Laburnum and Erysimum "Bowles Mauve"

Bigger Pictures

My garden photos are often closeups of individual plants or groups of plants. So I thought it was time to post some wider views, in the form of a tour. The garden is at its best right now (early May), when it’s still lush and green.

Laburnum and Erysimum "Bowles Mauve"
A nice conjunction of bloom next to the driveway–laburnum tree and wallflower (Erysimum) “Bowles Mauve”
Front walk, perennial bed, lawn, and magnolia
Up the front walk… Perennials on the left, magnolia on the right
Perennial bed to west of front walk
Perennials on the left (west) side of the walk
Perennial bed on west side of house, looking north
Along the west side of the house. More perennials and the lilac in full bloom
Back garden
The back garden.

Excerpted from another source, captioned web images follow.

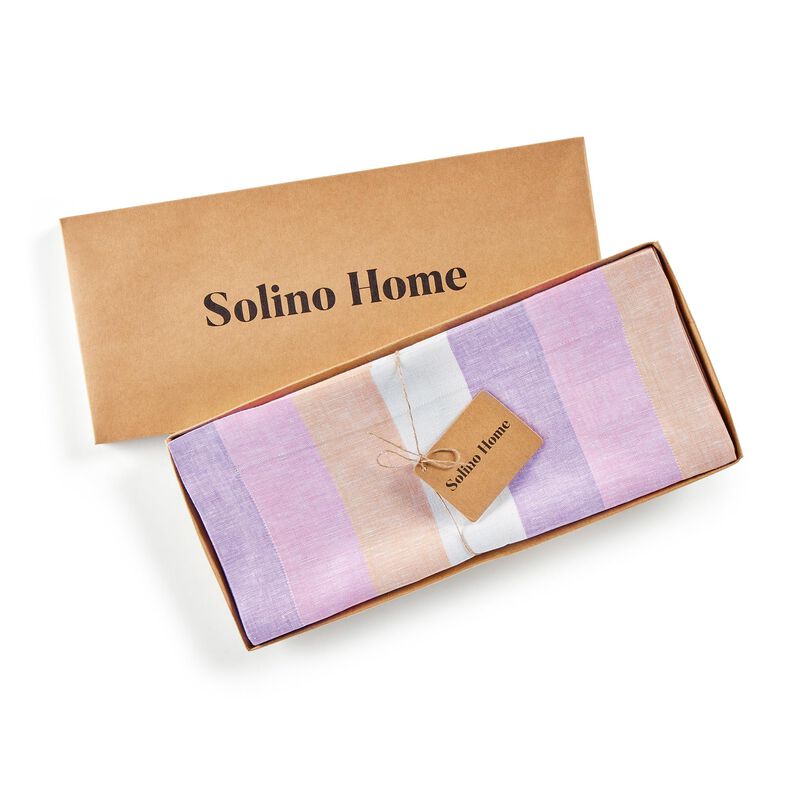 Solino Home 100% Pure Linen Table Runner - Gelato Stripe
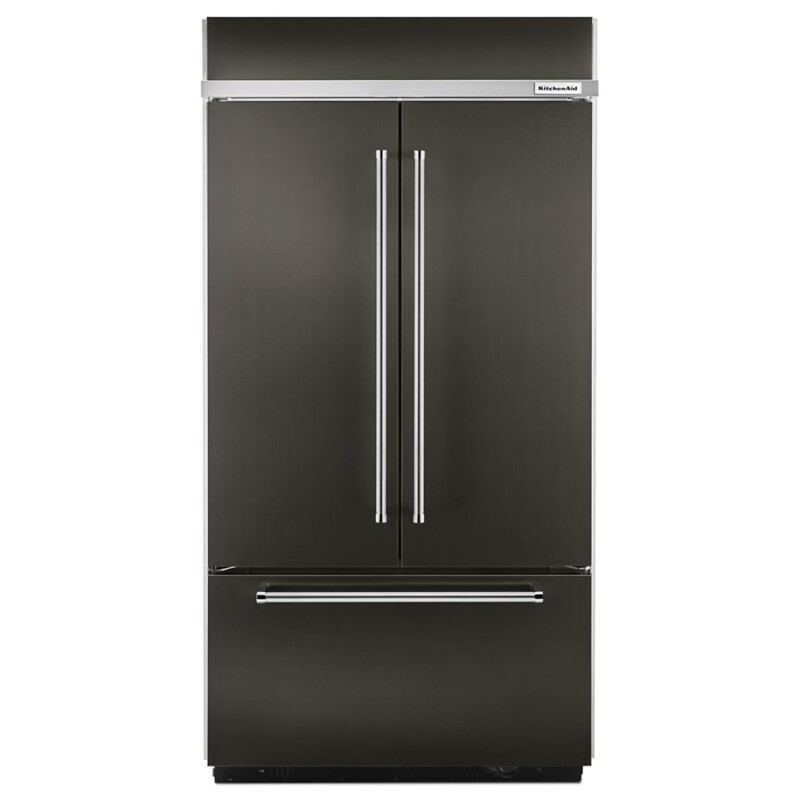KitchenAid 20.8 Cu. Ft. 36" Width Built In Stainless Steel French Door Refrigerator with Platinum Interior Design Black Stainless KBFN506EBS Picture 1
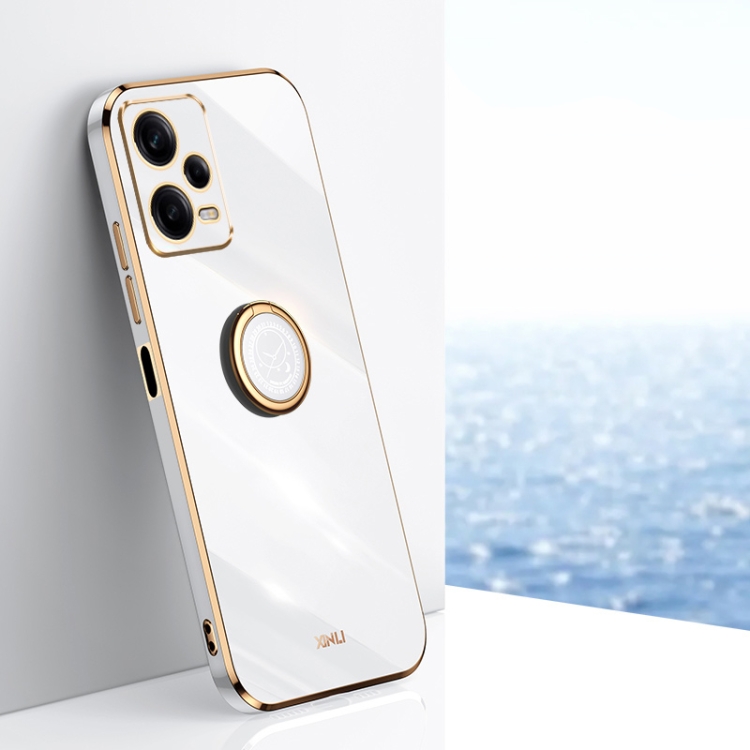 

For Xiaomi Redmi Note 12 5G Global XINLI Straight Edge 6D Electroplate TPU Phone Case with Ring Holder(White)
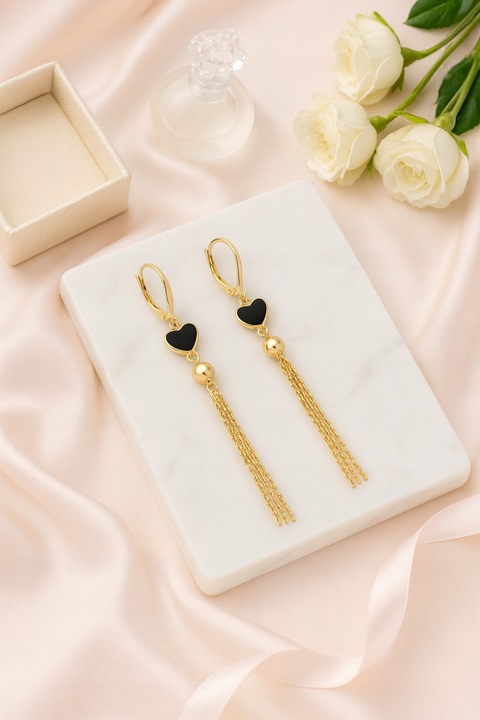 Złote kolczyki 925 Długie Wiszące Łańcuszki Serca Srebro 925 Złocone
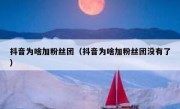 抖音为啥加粉丝团（抖音为啥加粉丝团没有了）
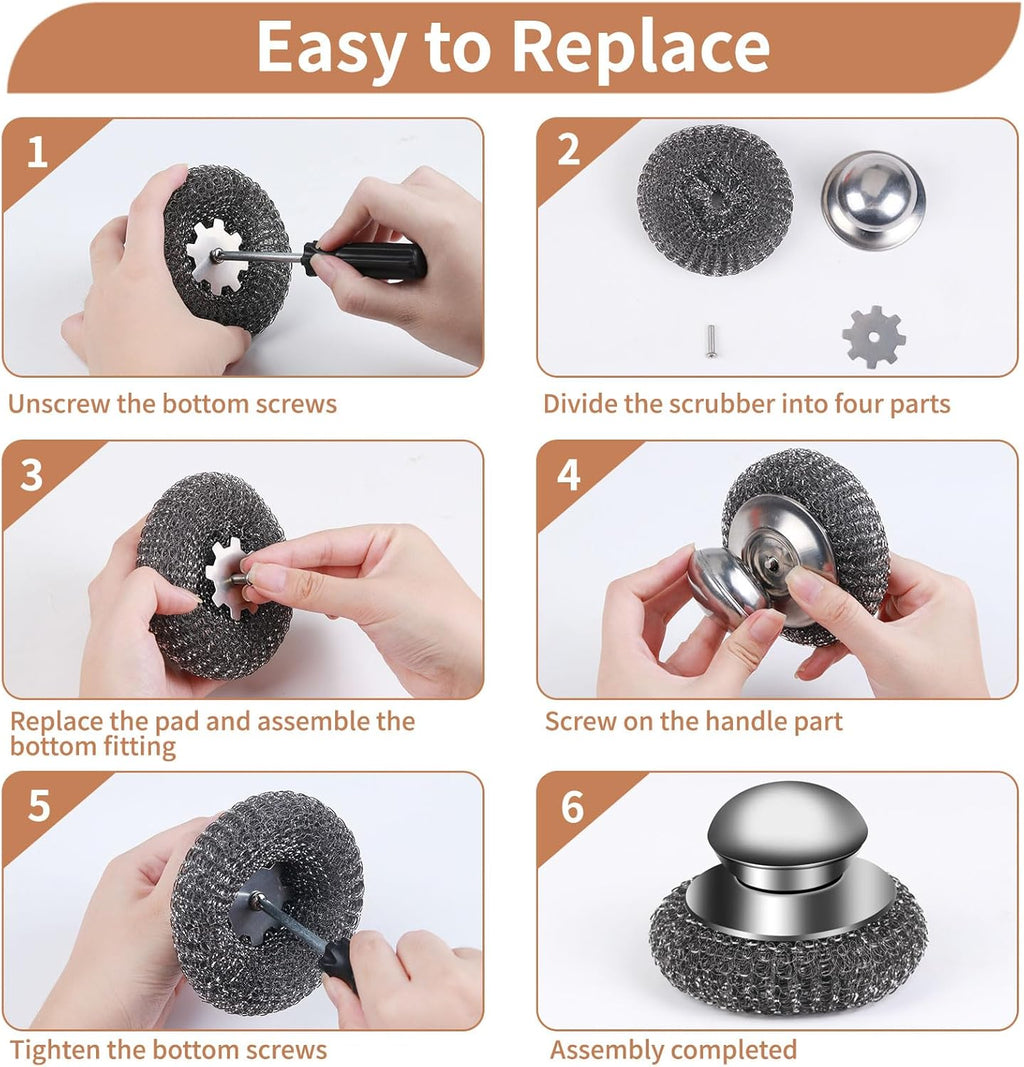 6Pcs Steel Wool Scrubber with Replacement Wire Pads Set, Stainless Steel Scrubber with Handle for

The part to the right of the path used to be a vegetable patch, but is now a mixture of herbs, refugee plants, and volunteers. The pond area is behind the trellis and the shed is in the right hand corner, hidden by the apple tree.
Garden pond
The pond is at the end of the main path in the back garden
Back garden looking toward shed from pond
Looking east over the pond toward the shed. The ladder is there because of work on the shed’s roof, but I issued a stop-work order because chickadees are nesting in the birdhouse under the eaves.
Back garden, looking west to pond bench
Looking west from the shed to the cedar stump bench by the pond, which is hidden by the ferns
Perennial bed on west side of house, looking south
Leaving via the west side path
Heuchera "Key Lime Pie"
Heuchera “Key Lime Pie” and potted hellebores wave goodbye.

I hope you enjoyed the tour!

83 comments

    1. Sometimes I look at what the camera shows me and don’t bother taking the picture. (Of course my camera is old and basic so what do I expect?) But yes–other gardens are interesting. I’m always peering over fences when we take the dog for a walk around the back lanes in our neighbourhood.

      Liked by 1 person

    1. Thanks, Jaye. And yes it does. There are times I wonder if I’m still up for the more tiresome and physical jobs. But then the place has days when it looks totally worthwhile. (Then there are other days…)

      Liked by 1 person

    1. Thanks, Priscilla. People actually do, when that laburnum and wallflower are blooming. And the place across the street has bright red and pink rhododendrons, so there’s a real blast of colour.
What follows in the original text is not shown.